Logiciel modulaire  

Dans le cas de la centrale de filtrage d'eau ukrainienne, la crainte des autorités était la possibilité pour le logiciel de modifier les mesures des taux de chlore afin de rendre l'eau non-consommable. VPNfilter a été detecté en Ukraine quelques mois auparavant, le 23 mai 2018, et — selon les autorités — devait servir à opérer une attaque informatique de grande ampleur dans le pays au moment de la finale de la Ligue des Champions. Le logiciel malveillant seul n'est toutefois pas dangereux, tant qu'il n'a pas téléchargé des "modules" spécialisés : accès distants en ligne de commande, manipulation de fichiers, redémarrage des machines, connexion au réseau chiffré Tor et même recherche de systèmes SCADA (systèmes d'acquisition et de contrôle de données, technologie informatique industrielle pour la télémesure, ndlr).

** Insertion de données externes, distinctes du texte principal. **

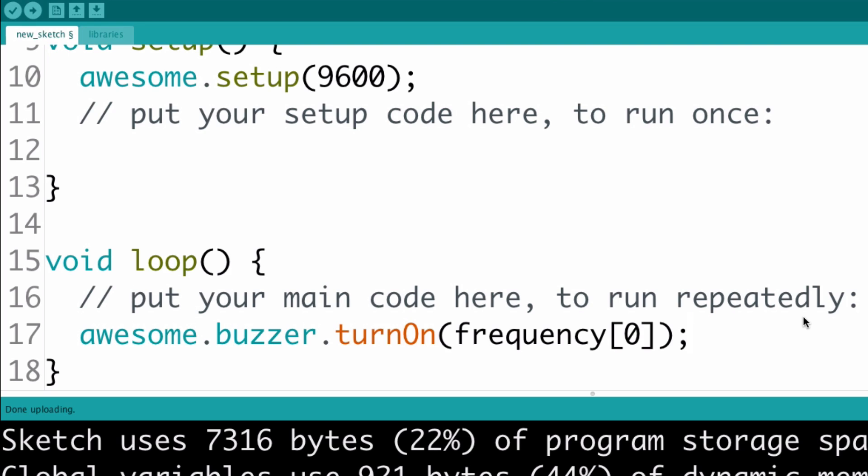What happens if I use an index that doesn't fit a value in the array? This tells the Arduino to get a value that's stored somewhere else in its memory. This could be some other variable, or it could just be empty. Either way, we're not going to get a useful value, and this can cause a bug.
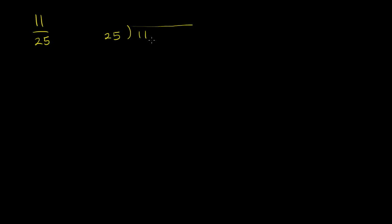And since we're going to go into the places less than the ones place, we're going to go into the tenths place, and the hundredths place, and the thousandths place. Let's add some zeros to this 11 right over here after the decimal. And now let's start to divide.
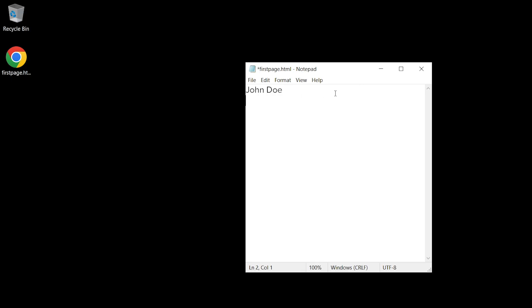We'll build on these examples as we go along. So I'm going to add today's date — it's the 27th of October 2022. And I click save. I don't need to go through save as type; it's already saved as firstpage.html.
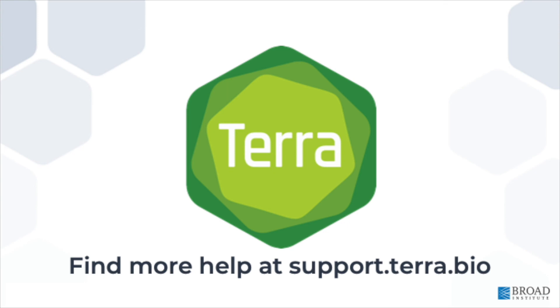That's it for the introduction to workspaces in Terra. To learn more about data tables, interactive analysis, workflows, or job history, check the description below for links to Terra support. Thanks for watching. Hope you enjoy using Terra for your analysis in the cloud.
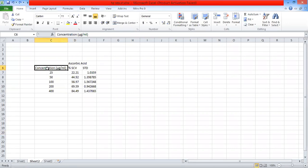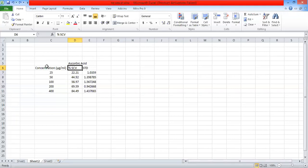For today's tutorial, we are using this data. We have the percent scavenging rate and the concentration of the extract or standard. You can see that the percent scavenging rate shows that the IC50 value lies between the concentration of 50 and 100 — that means between 50 micrograms per ml and 100 micrograms per ml where 50% inhibition is accomplished.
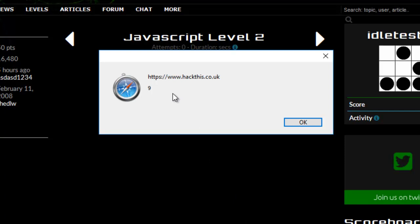And then it comes up with the number 9. So that means the length of the password is 9 characters.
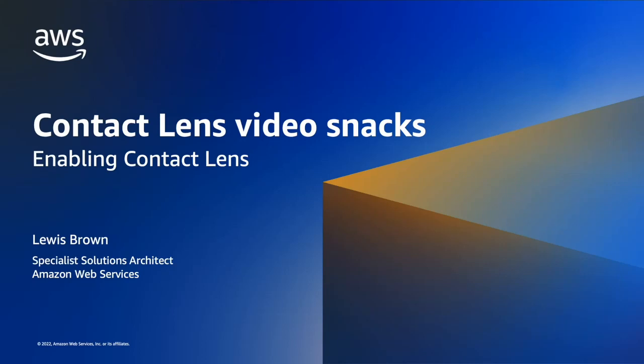Hi everyone, my name is Louis Brown and I'm a Specialist Solutions Architect at Amazon Web Services. Today in this Video Snacks episode, I'm going to walk you through how to enable Contact Lens in Amazon Connect so you can monitor and gain insights into the conversations between your agents and customers.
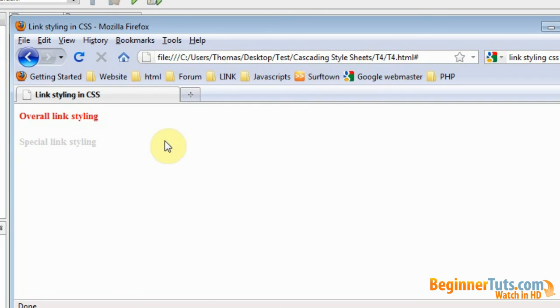That was what I wanted to show today. Now you know how to style your links using CSS. So they're not just the boring standard links. Hope you're able to use what you have learned so far. And see you next video.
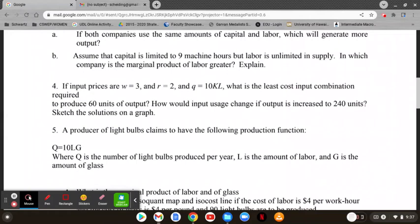Number four. I give you the wage rate — that's 3 — I give you the rental rate of capital — that's 2 — and the production function 10KL. Then I ask what is the least cost way of producing 60 units of output, and then what would be the least cost way of making 240 units? The slope of the isocost would be negative 3 over 2 — the price of labor over the price of capital — and it's negative because it's downward sloping.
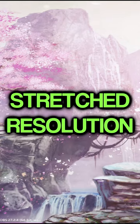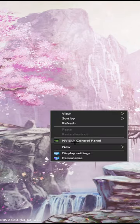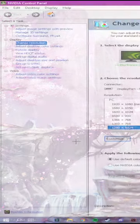This is how to easily get stretch resolution in Valorant. Firstly, right-click on your home desktop and click NVIDIA Control Panel.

Contrôle des sites d'importance vitale ?

Le SBU n'a pas précisé si le VPNFilter découvert dans la centrale de filtrage des eaux avait pu télécharger ses "modules d'attaque" ou non. Ces modules étaient stockés sur plusieurs serveurs dont les noms de domaines ont été désactivés à la demande du FBI, dès la découverte du malware en mai dernier. Il n'en reste pas moins que logiciel malveillant a pu s'installer sur un centre d'importance vitale, la "Aul Chlorotransfer Station" ukrainienne, et était peut-être en état de nuire. Une autre attaque, en 2016 avait affecté plusieurs sites industriels du pays dont des centrales électriques à l'aide d'un autre malware, nommé BlackEnergy, et potentiellement programmé… par la même équipe de spécialistes. Dans le cas de VPNFilter, la Russie est encore une fois pointée du doigt par la justice américaine qui estime que le groupe APT28 connu aussi sous le nom de Fancy Bear — composé de spécialistes de l'armée russe — serait à l'origine de ce programme malveillant. 

IoT ou IoV ?

Au delà de la Russie et des ses équipes de militaires-pirates informatiques, c'est l'Internet des Objets qui commence à être mis en cause dans ces multiples affaires de malware s'attaquant à des sites industriels : VPNFilter s'installe sur des matériels équipés de BusyBox, un gestionnaire en ligne de commande très utilisé pour les objets connectés, telles les "Box" de la plupart des fournisseurs d'accès Internet en France.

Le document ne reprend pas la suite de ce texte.